I’ll never forget that moment. Those two words: “No. Worse.”
I was sitting across from someone who knew the situation. I had just minimized what I’d been through. I said something like, “Well, it wasn’t that bad.” And they looked me dead in the eye and said it.
No. Worse.

That was the first time I really let it sink in. How bad it actually was.
How much I had tolerated. How much I had survived. And how far I had come.

It’s easy to downplay trauma when you’ve been conditioned to believe you caused it, deserved it, or imagined it. It’s easy to call it “messy” or “complicated” instead of what it actually was. Abuse. It’s easy to move forward and want to forget — until forgetting starts to feel like erasing yourself.

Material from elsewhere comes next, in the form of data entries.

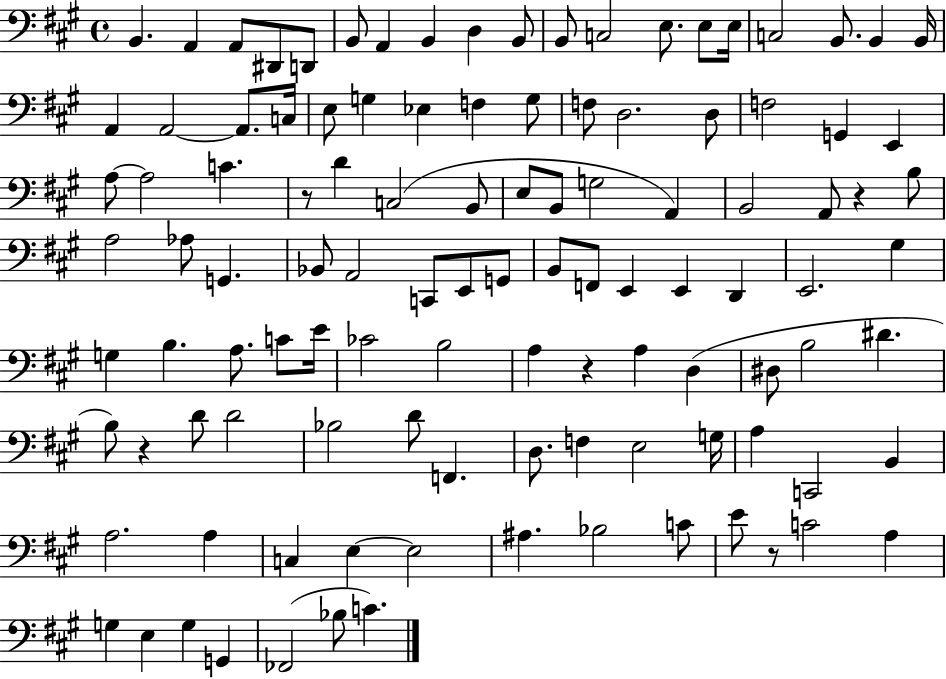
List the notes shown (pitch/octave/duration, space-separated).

B2/q. A2/q A2/e D#2/e D2/e B2/e A2/q B2/q D3/q B2/e B2/e C3/h E3/e. E3/e E3/s C3/h B2/e. B2/q B2/s A2/q A2/h A2/e. C3/s E3/e G3/q Eb3/q F3/q G3/e F3/e D3/h. D3/e F3/h G2/q E2/q A3/e A3/h C4/q. R/e D4/q C3/h B2/e E3/e B2/e G3/h A2/q B2/h A2/e R/q B3/e A3/h Ab3/e G2/q. Bb2/e A2/h C2/e E2/e G2/e B2/e F2/e E2/q E2/q D2/q E2/h. G#3/q G3/q B3/q. A3/e. C4/e E4/s CES4/h B3/h A3/q R/q A3/q D3/q D#3/e B3/h D#4/q. B3/e R/q D4/e D4/h Bb3/h D4/e F2/q. D3/e. F3/q E3/h G3/s A3/q C2/h B2/q A3/h. A3/q C3/q E3/q E3/h A#3/q. Bb3/h C4/e E4/e R/e C4/h A3/q G3/q E3/q G3/q G2/q FES2/h Bb3/e C4/q. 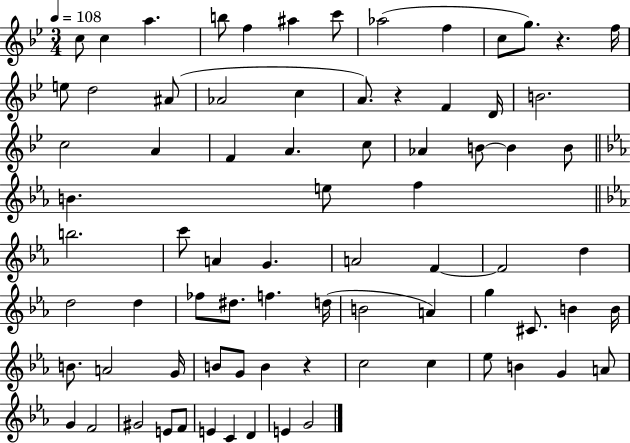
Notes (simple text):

C5/e C5/q A5/q. B5/e F5/q A#5/q C6/e Ab5/h F5/q C5/e G5/e. R/q. F5/s E5/e D5/h A#4/e Ab4/h C5/q A4/e. R/q F4/q D4/s B4/h. C5/h A4/q F4/q A4/q. C5/e Ab4/q B4/e B4/q B4/e B4/q. E5/e F5/q B5/h. C6/e A4/q G4/q. A4/h F4/q F4/h D5/q D5/h D5/q FES5/e D#5/e. F5/q. D5/s B4/h A4/q G5/q C#4/e. B4/q B4/s B4/e. A4/h G4/s B4/e G4/e B4/q R/q C5/h C5/q Eb5/e B4/q G4/q A4/e G4/q F4/h G#4/h E4/e F4/e E4/q C4/q D4/q E4/q G4/h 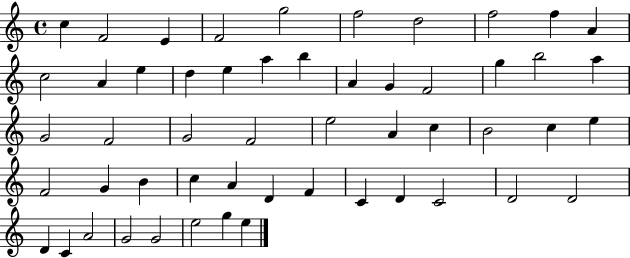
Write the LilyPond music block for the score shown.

{
  \clef treble
  \time 4/4
  \defaultTimeSignature
  \key c \major
  c''4 f'2 e'4 | f'2 g''2 | f''2 d''2 | f''2 f''4 a'4 | \break c''2 a'4 e''4 | d''4 e''4 a''4 b''4 | a'4 g'4 f'2 | g''4 b''2 a''4 | \break g'2 f'2 | g'2 f'2 | e''2 a'4 c''4 | b'2 c''4 e''4 | \break f'2 g'4 b'4 | c''4 a'4 d'4 f'4 | c'4 d'4 c'2 | d'2 d'2 | \break d'4 c'4 a'2 | g'2 g'2 | e''2 g''4 e''4 | \bar "|."
} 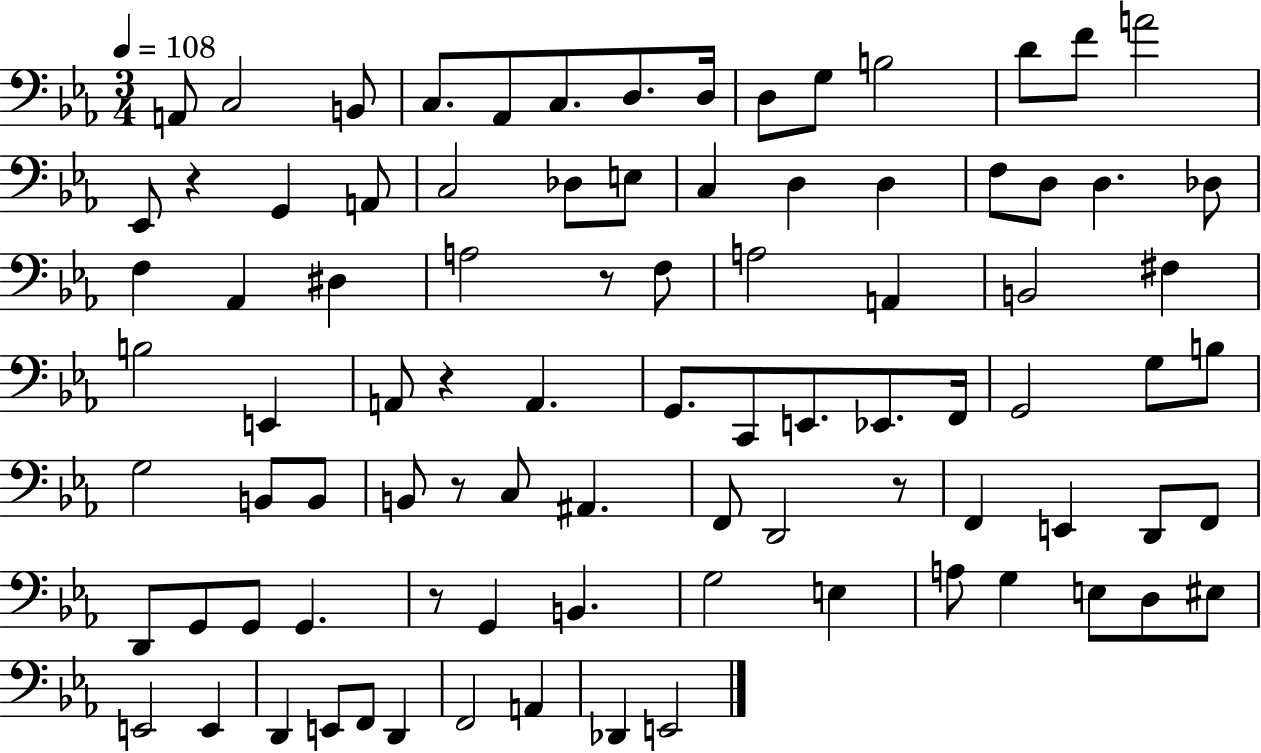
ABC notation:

X:1
T:Untitled
M:3/4
L:1/4
K:Eb
A,,/2 C,2 B,,/2 C,/2 _A,,/2 C,/2 D,/2 D,/4 D,/2 G,/2 B,2 D/2 F/2 A2 _E,,/2 z G,, A,,/2 C,2 _D,/2 E,/2 C, D, D, F,/2 D,/2 D, _D,/2 F, _A,, ^D, A,2 z/2 F,/2 A,2 A,, B,,2 ^F, B,2 E,, A,,/2 z A,, G,,/2 C,,/2 E,,/2 _E,,/2 F,,/4 G,,2 G,/2 B,/2 G,2 B,,/2 B,,/2 B,,/2 z/2 C,/2 ^A,, F,,/2 D,,2 z/2 F,, E,, D,,/2 F,,/2 D,,/2 G,,/2 G,,/2 G,, z/2 G,, B,, G,2 E, A,/2 G, E,/2 D,/2 ^E,/2 E,,2 E,, D,, E,,/2 F,,/2 D,, F,,2 A,, _D,, E,,2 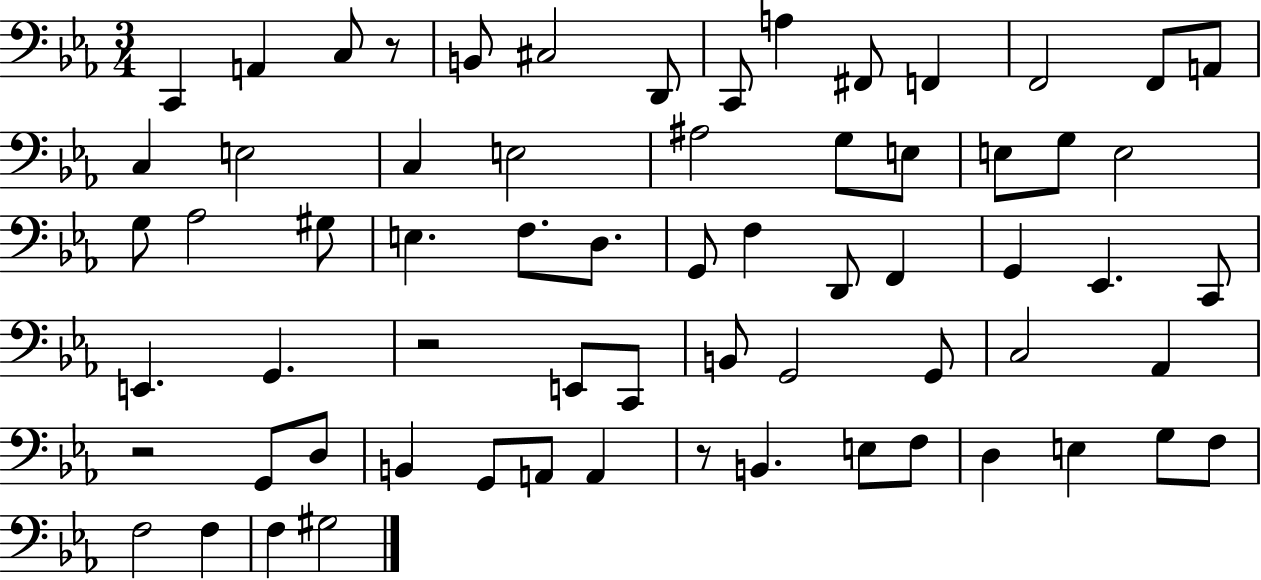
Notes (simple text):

C2/q A2/q C3/e R/e B2/e C#3/h D2/e C2/e A3/q F#2/e F2/q F2/h F2/e A2/e C3/q E3/h C3/q E3/h A#3/h G3/e E3/e E3/e G3/e E3/h G3/e Ab3/h G#3/e E3/q. F3/e. D3/e. G2/e F3/q D2/e F2/q G2/q Eb2/q. C2/e E2/q. G2/q. R/h E2/e C2/e B2/e G2/h G2/e C3/h Ab2/q R/h G2/e D3/e B2/q G2/e A2/e A2/q R/e B2/q. E3/e F3/e D3/q E3/q G3/e F3/e F3/h F3/q F3/q G#3/h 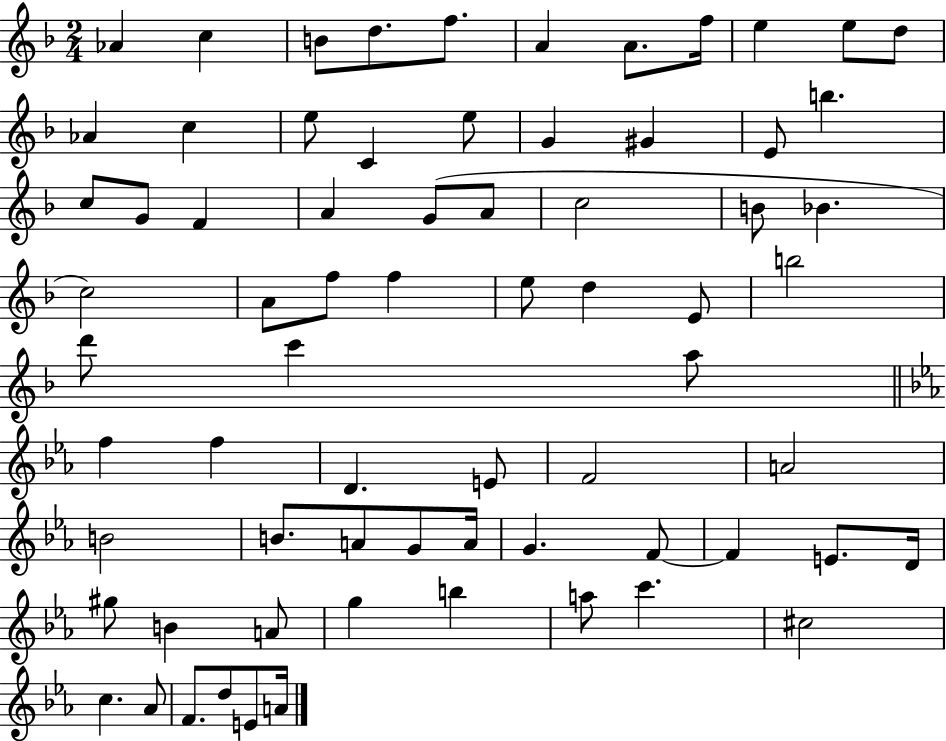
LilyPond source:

{
  \clef treble
  \numericTimeSignature
  \time 2/4
  \key f \major
  aes'4 c''4 | b'8 d''8. f''8. | a'4 a'8. f''16 | e''4 e''8 d''8 | \break aes'4 c''4 | e''8 c'4 e''8 | g'4 gis'4 | e'8 b''4. | \break c''8 g'8 f'4 | a'4 g'8( a'8 | c''2 | b'8 bes'4. | \break c''2) | a'8 f''8 f''4 | e''8 d''4 e'8 | b''2 | \break d'''8 c'''4 a''8 | \bar "||" \break \key ees \major f''4 f''4 | d'4. e'8 | f'2 | a'2 | \break b'2 | b'8. a'8 g'8 a'16 | g'4. f'8~~ | f'4 e'8. d'16 | \break gis''8 b'4 a'8 | g''4 b''4 | a''8 c'''4. | cis''2 | \break c''4. aes'8 | f'8. d''8 e'8 a'16 | \bar "|."
} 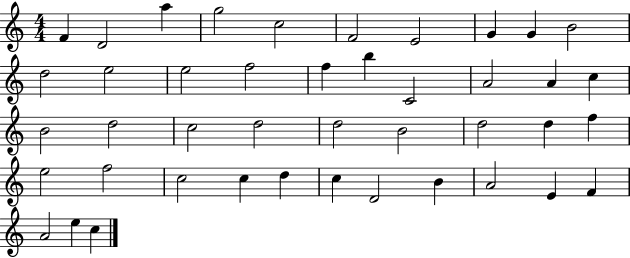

That’s why I’m writing now.

I spent too long staying quiet because I didn’t want to make people uncomfortable. Because I didn’t want to be seen as broken or dramatic or angry.
But here’s the truth.
I am angry. I am healing. And I am thriving.
Not because I got lucky, but because I fought for it.

I left. I stayed gone. I did the work. I faced the courts. I faced myself.
And I did it all while raising a little boy who deserved to grow up without fear in his home.

This blog isn’t about being a victim. It’s not about blame.
It’s about taking your voice back — in court, in community, in conversation.
It’s about using mine so someone else might recognize a red flag, believe themselves faster, or stop wondering if they’re just too sensitive.
It was that bad.
No. Worse.

And we’re still here.

So here’s to the start of something new. To turning pain into purpose and silence into strength.
To helping the next woman, say, “That’s enough,” and mean it.

If you’re ready to stop minimizing what you’ve survived, I’m glad you’re here. You’re not alone.